#### YOUR ASSIGNMENT:
Beginning with the line that contains "Cabbage harvested on the field in Germany", repeat each line exactly through the end of the listing below. Pictures stay out.

+++

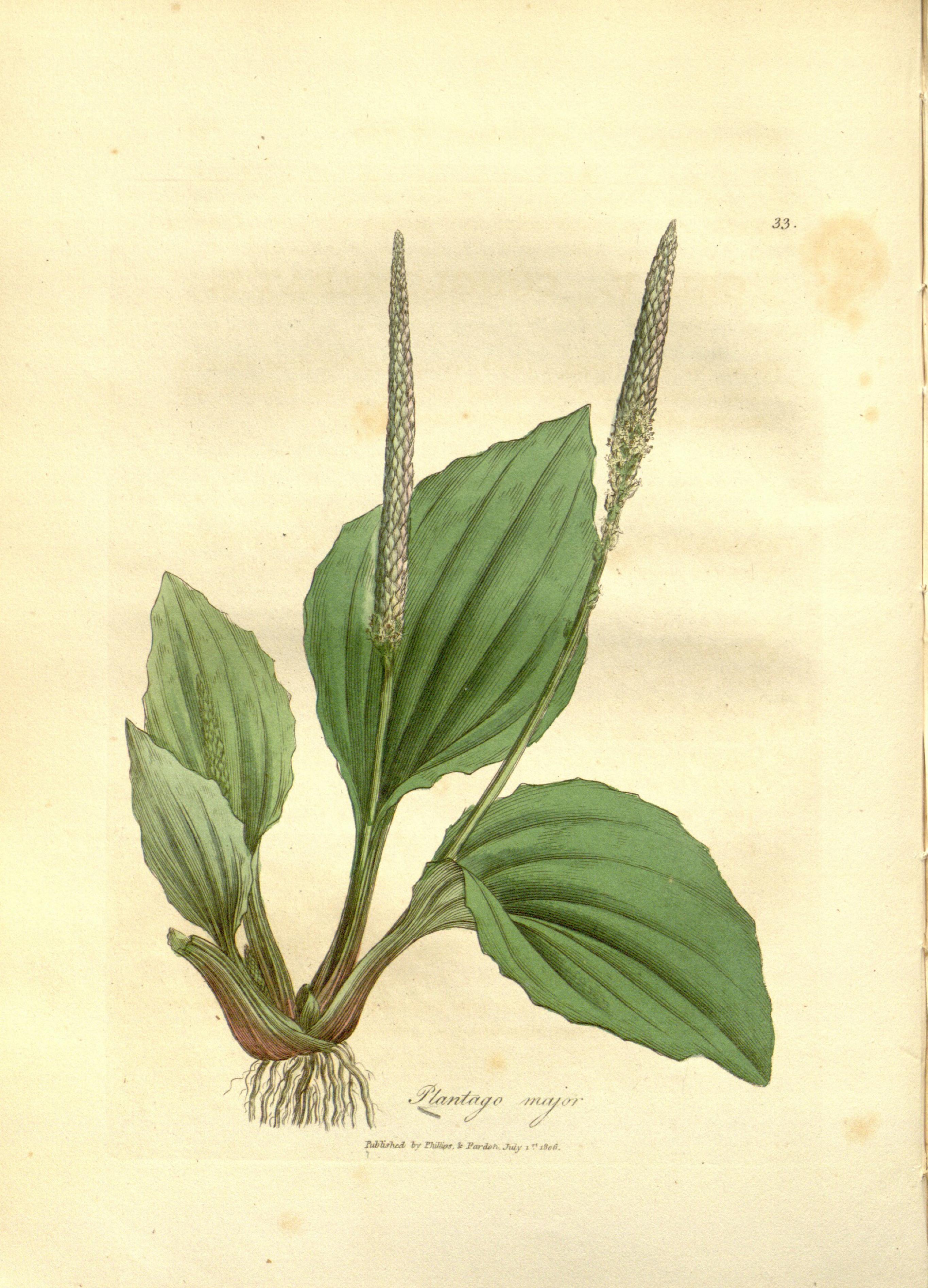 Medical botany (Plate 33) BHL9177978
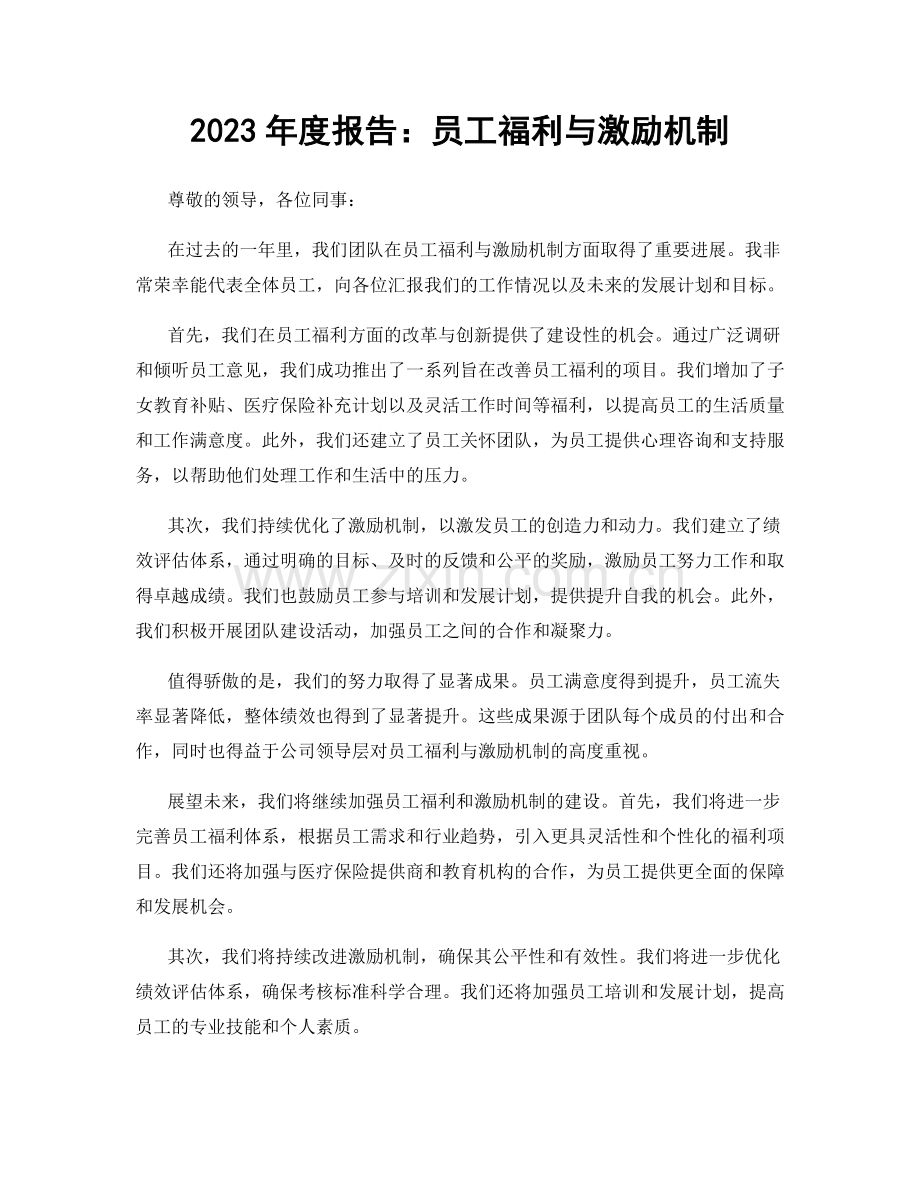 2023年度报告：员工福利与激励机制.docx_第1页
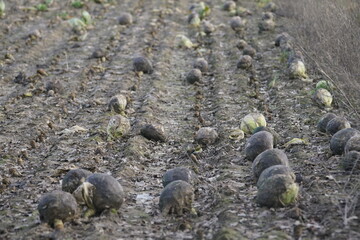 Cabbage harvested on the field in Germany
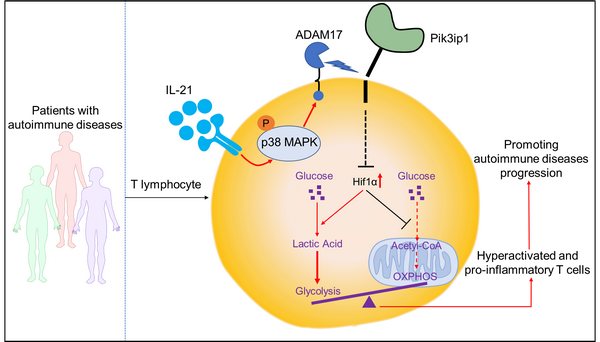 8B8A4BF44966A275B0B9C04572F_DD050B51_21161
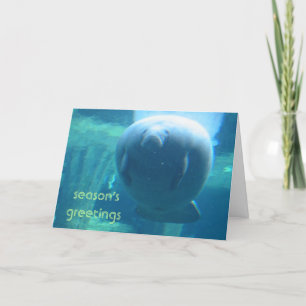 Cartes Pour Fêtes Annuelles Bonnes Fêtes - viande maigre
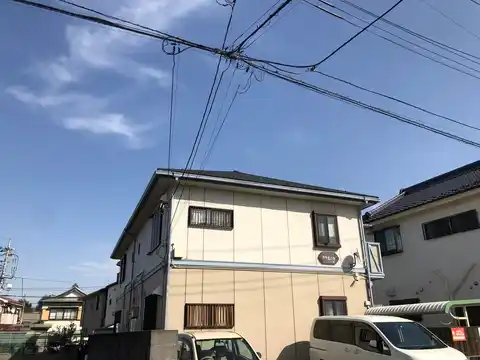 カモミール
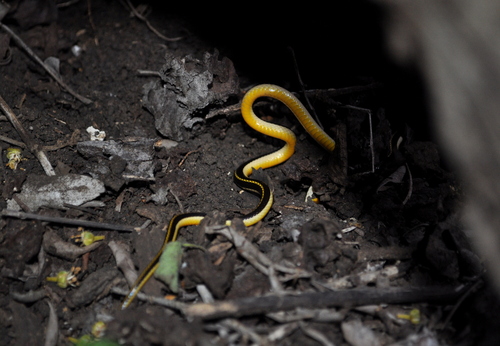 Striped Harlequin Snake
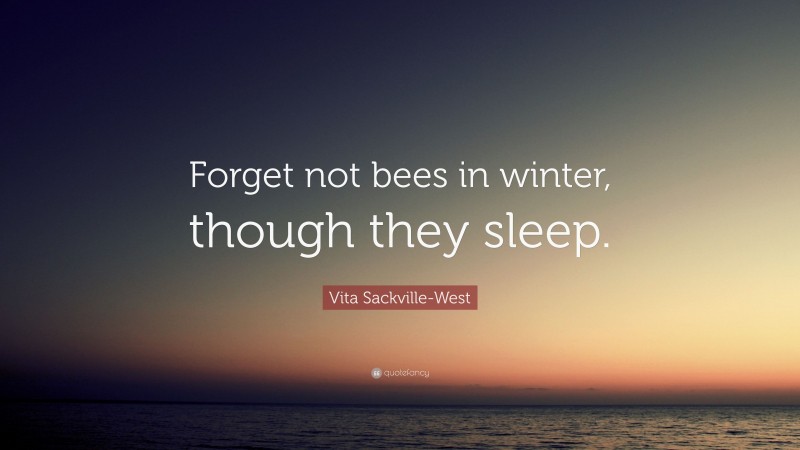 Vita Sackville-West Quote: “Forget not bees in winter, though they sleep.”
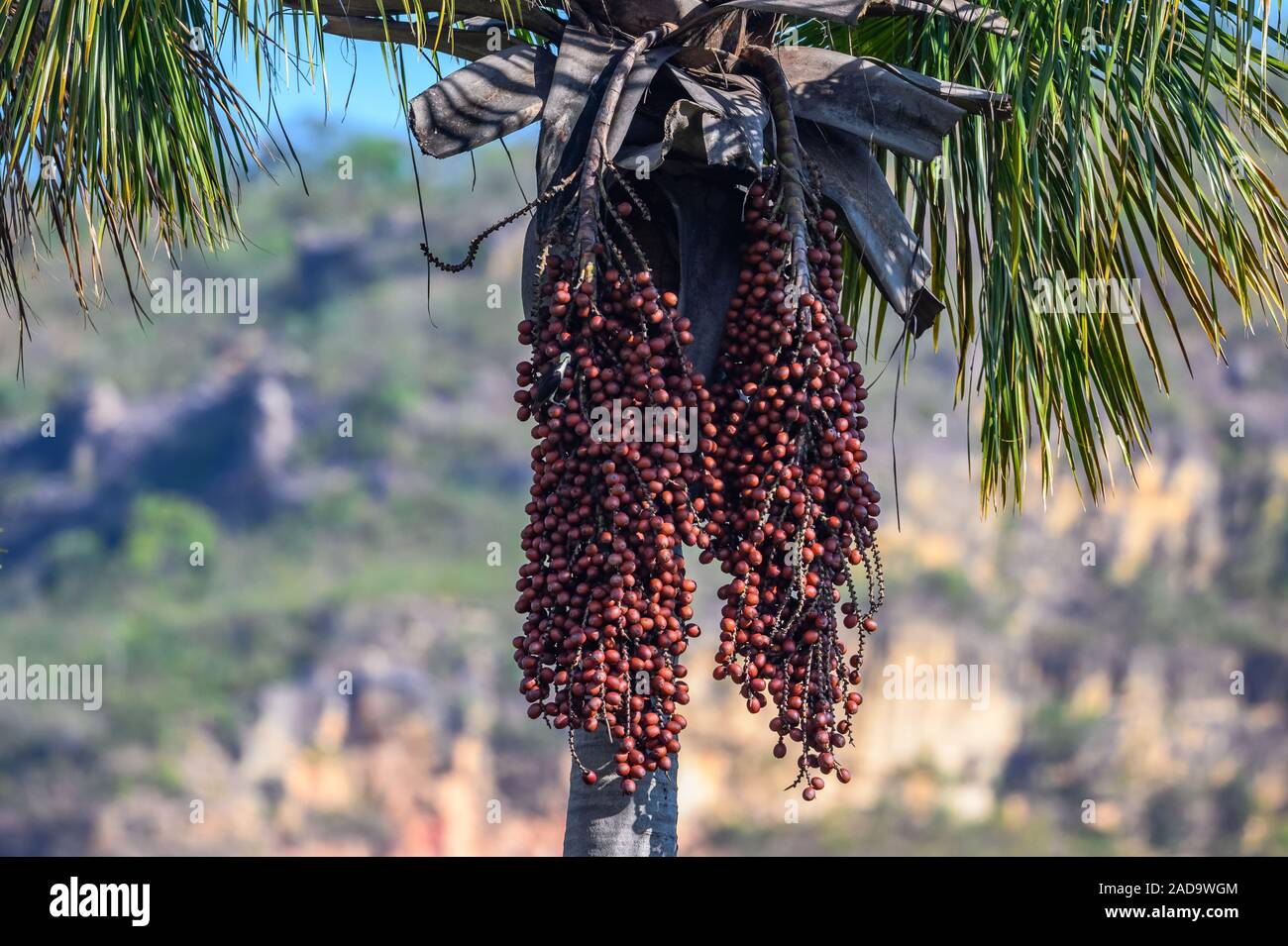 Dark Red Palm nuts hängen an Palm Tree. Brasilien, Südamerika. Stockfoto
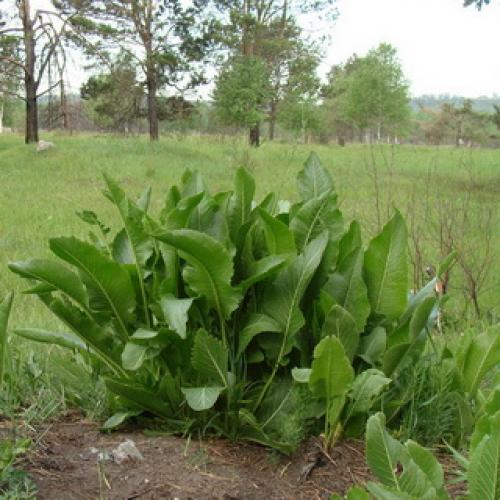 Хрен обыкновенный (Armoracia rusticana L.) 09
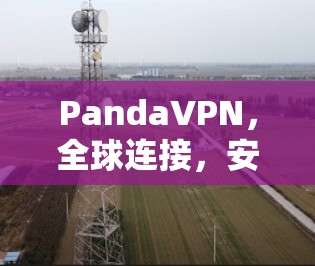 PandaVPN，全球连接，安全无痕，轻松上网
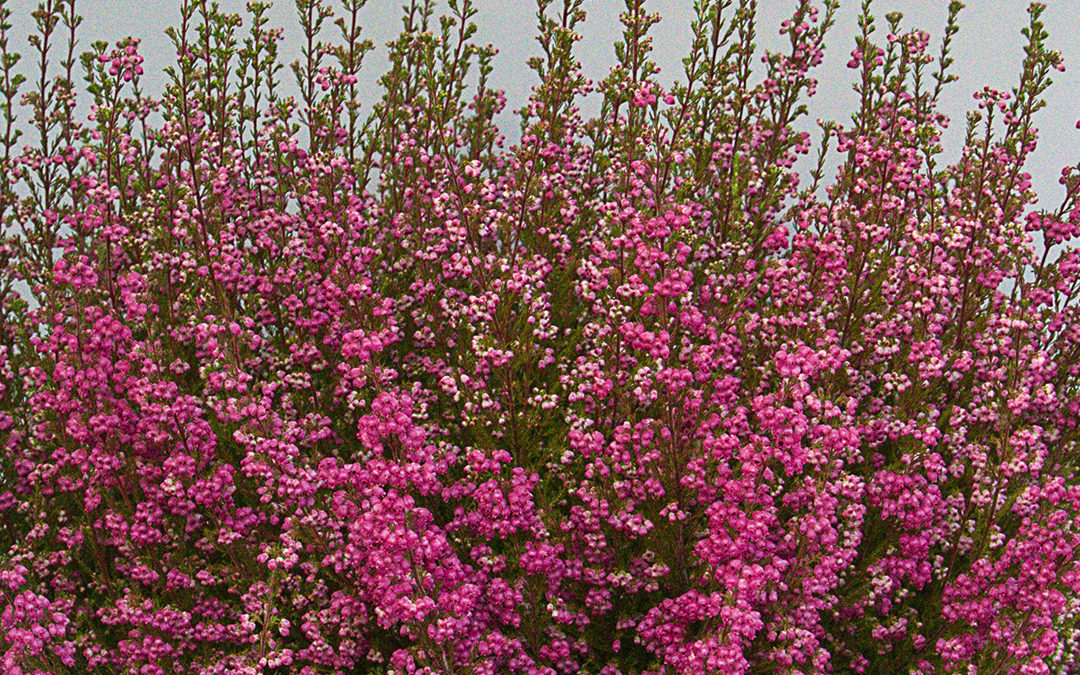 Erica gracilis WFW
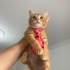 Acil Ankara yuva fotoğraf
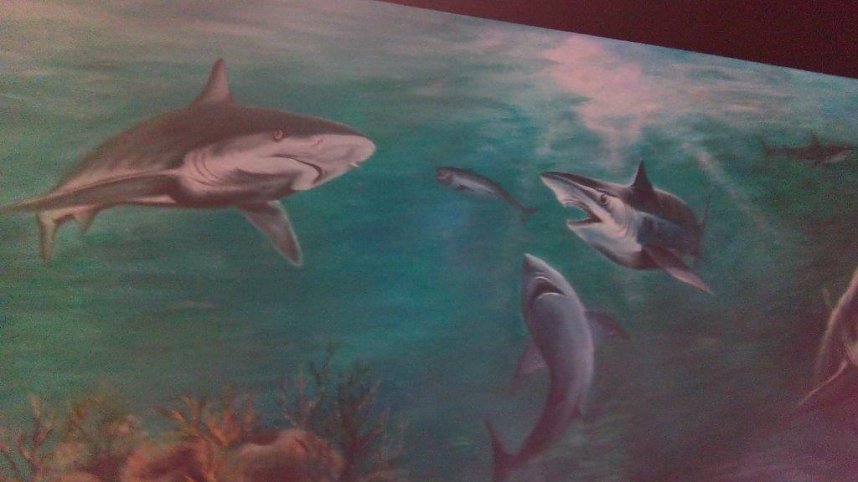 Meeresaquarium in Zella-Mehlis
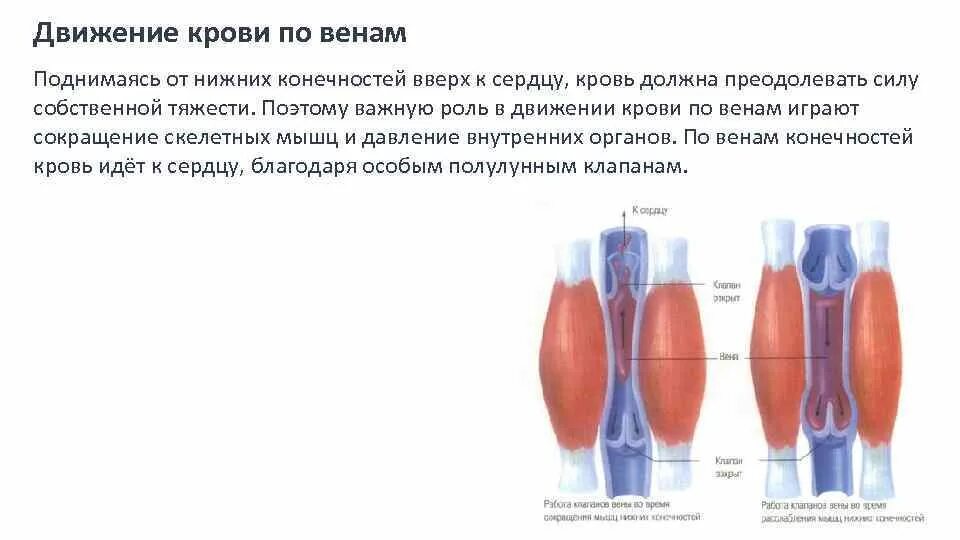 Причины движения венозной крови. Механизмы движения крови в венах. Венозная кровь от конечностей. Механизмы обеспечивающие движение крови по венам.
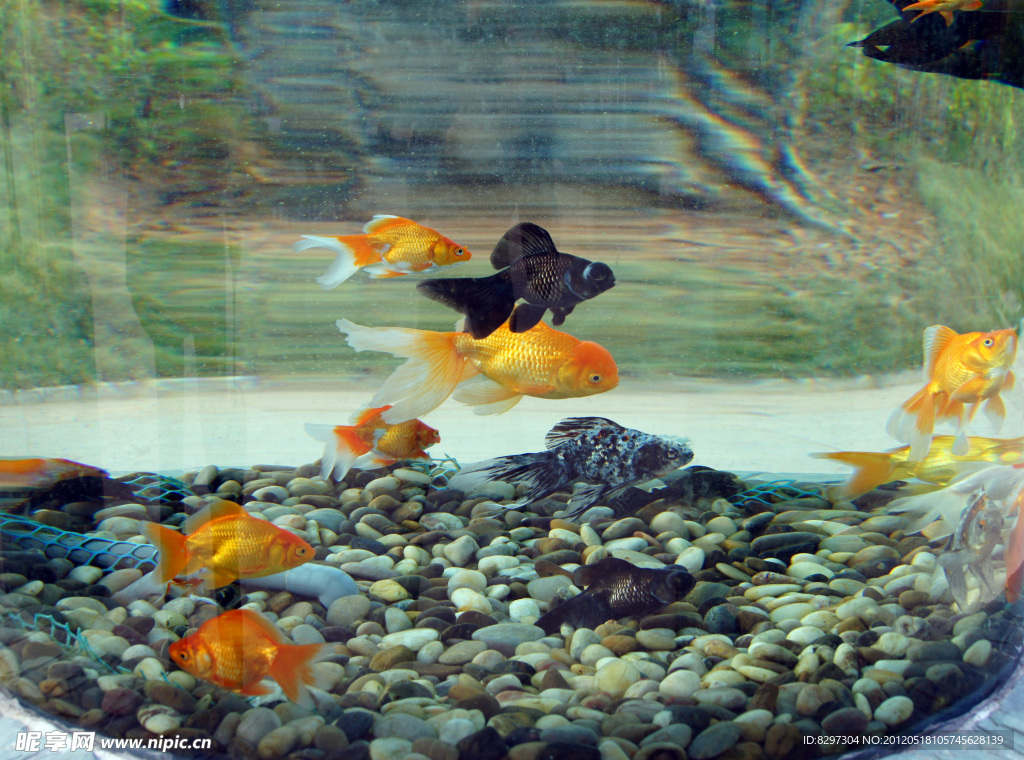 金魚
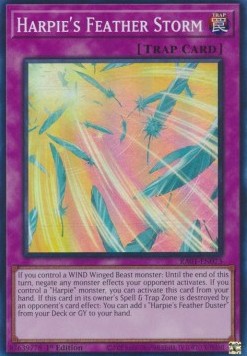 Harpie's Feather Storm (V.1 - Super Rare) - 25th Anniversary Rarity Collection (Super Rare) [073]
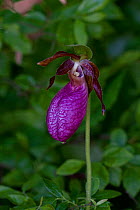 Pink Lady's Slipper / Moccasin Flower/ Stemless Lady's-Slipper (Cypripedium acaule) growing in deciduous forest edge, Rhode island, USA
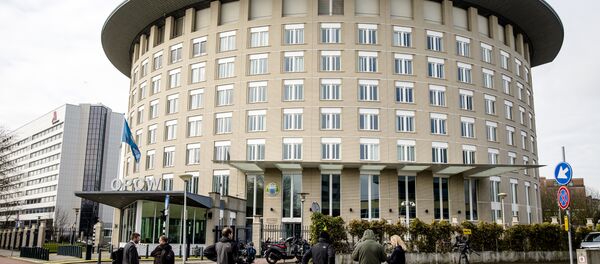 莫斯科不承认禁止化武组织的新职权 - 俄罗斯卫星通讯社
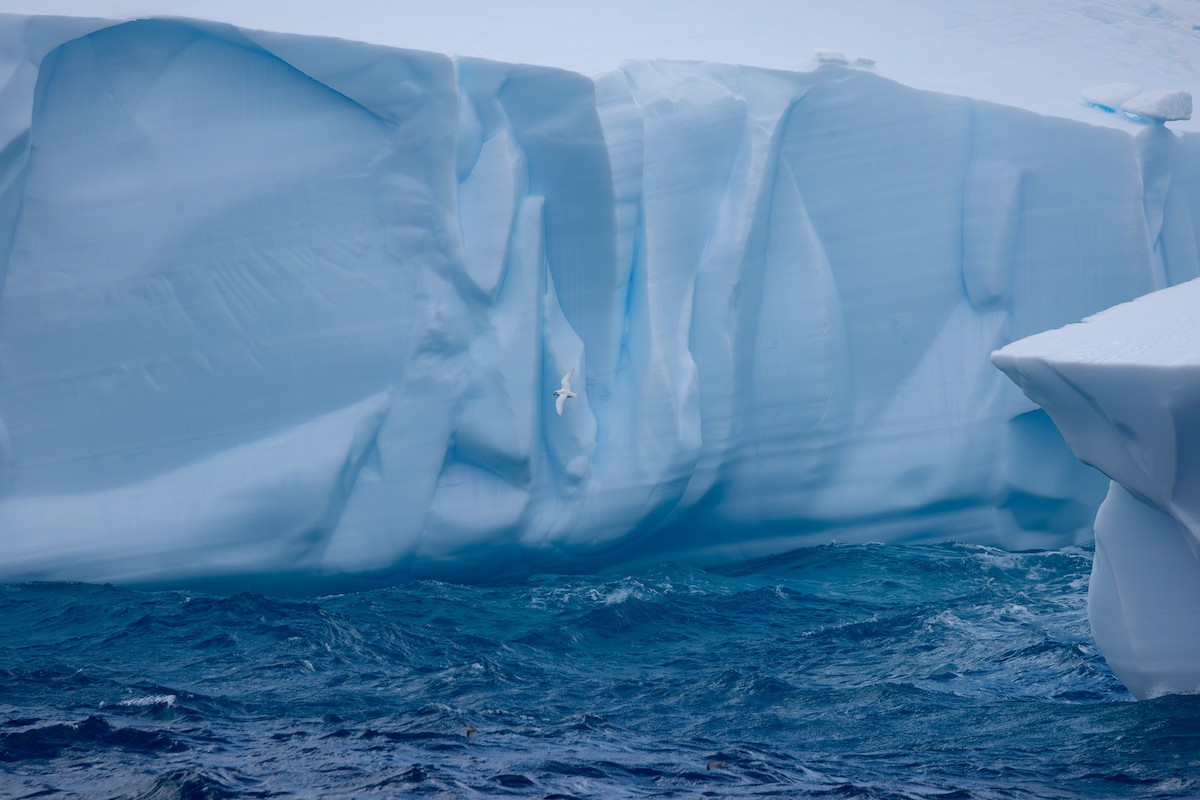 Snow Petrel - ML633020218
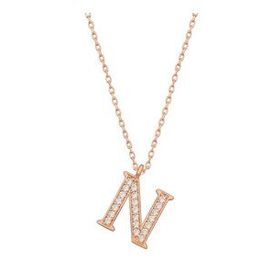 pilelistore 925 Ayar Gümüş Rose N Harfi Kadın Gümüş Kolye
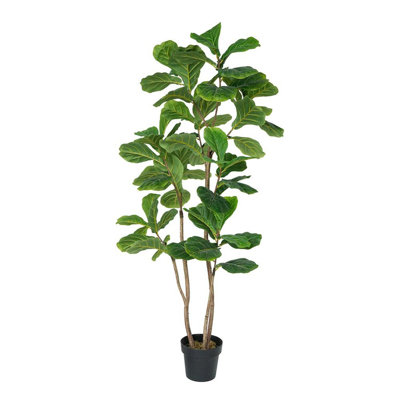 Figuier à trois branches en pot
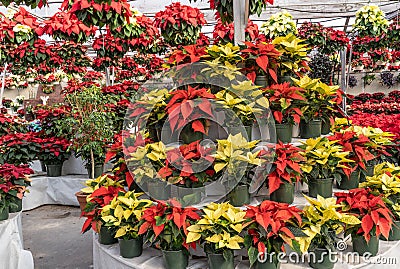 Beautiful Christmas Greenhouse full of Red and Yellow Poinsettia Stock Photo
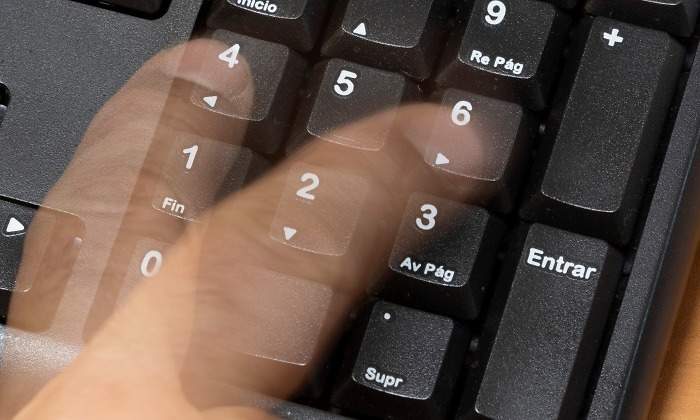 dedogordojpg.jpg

+++

#### TASK RESULT:
 Cabbage harvested on the field in Germany
 8B8A4BF44966A275B0B9C04572F_DD050B51_21161
 Cartes Pour Fêtes Annuelles Bonnes Fêtes - viande maigre
 カモミール
 Striped Harlequin Snake
 Vita Sackville-West Quote: “Forget not bees in winter, though they sleep.”
 Dark Red Palm nuts hängen an Palm Tree. Brasilien, Südamerika. Stockfoto
 Хрен обыкновенный (Armoracia rusticana L.) 09
 PandaVPN，全球连接，安全无痕，轻松上网
 Erica gracilis WFW
 Acil Ankara yuva fotoğraf
 Meeresaquarium in Zella-Mehlis
 Причины движения венозной крови. Механизмы движения крови в венах. Венозная кровь от конечностей. Механизмы обеспечивающие движение крови по венам.
 金魚
 Harpie's Feather Storm (V.1 - Super Rare) - 25th Anniversary Rarity Collection (Super Rare) [073]
 Pink Lady's Slipper / Moccasin Flower/ Stemless Lady's-Slipper (Cypripedium acaule) growing in deciduous forest edge, Rhode island, USA
 莫斯科不承认禁止化武组织的新职权 - 俄罗斯卫星通讯社
 Snow Petrel - ML633020218
 pilelistore 925 Ayar Gümüş Rose N Harfi Kadın Gümüş Kolye
 Figuier à trois branches en pot
 Beautiful Christmas Greenhouse full of Red and Yellow Poinsettia Stock Photo
 dedogordojpg.jpg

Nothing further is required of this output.